[EXCERPTED DATA Boundary: Start]
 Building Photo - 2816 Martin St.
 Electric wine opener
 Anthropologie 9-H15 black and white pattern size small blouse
[EXCERPTED DATA Boundary: End]
[EXCERPTED DATA Boundary: Start]
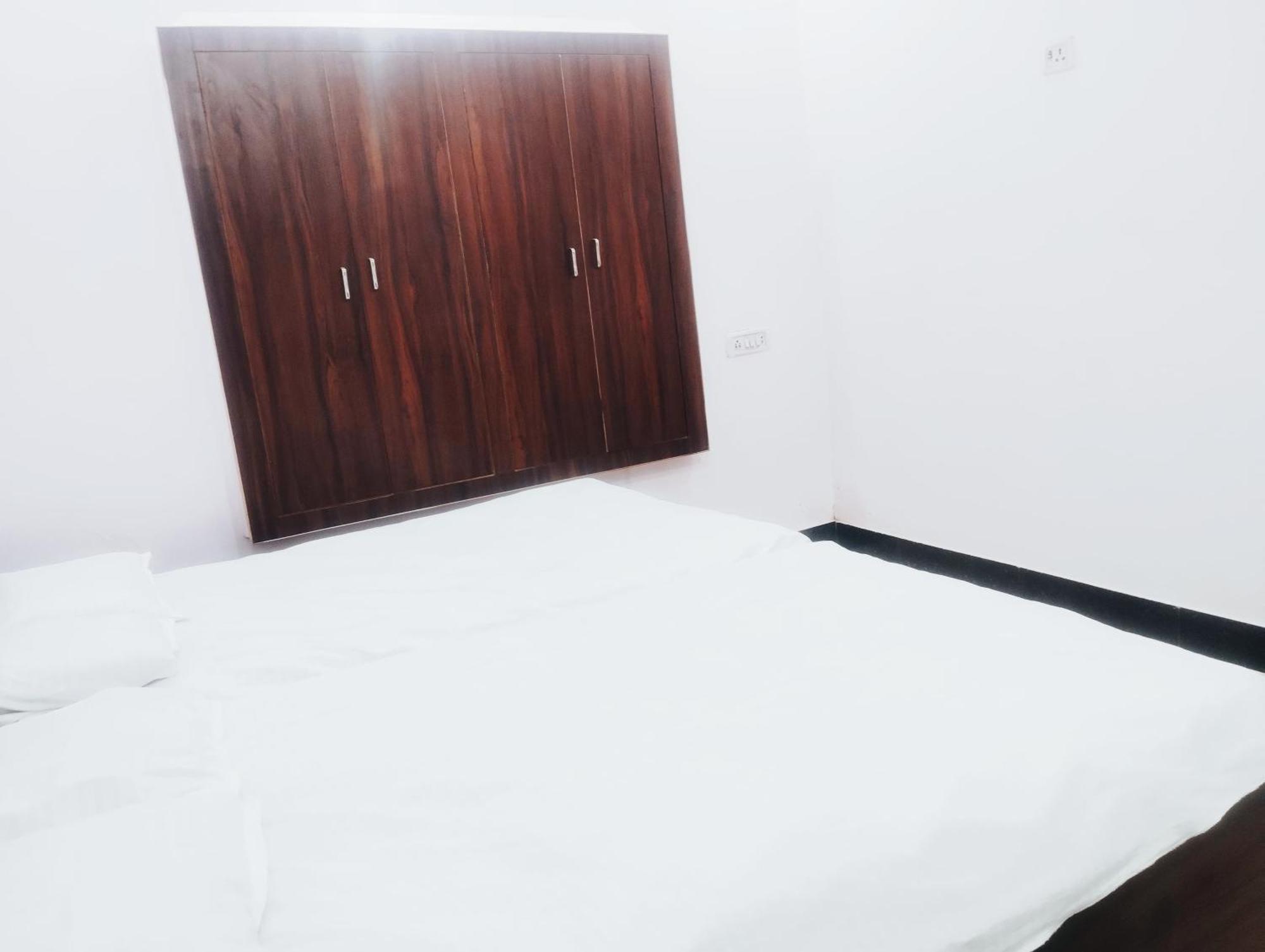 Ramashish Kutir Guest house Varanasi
[EXCERPTED DATA Boundary: End]
Return only the lines between the one holding "Electric wine opener" and the one holding "Anthropologie 9-H15 black", inclusive, exactly as they appear above.

 Electric wine opener
 Anthropologie 9-H15 black and white pattern size small blouse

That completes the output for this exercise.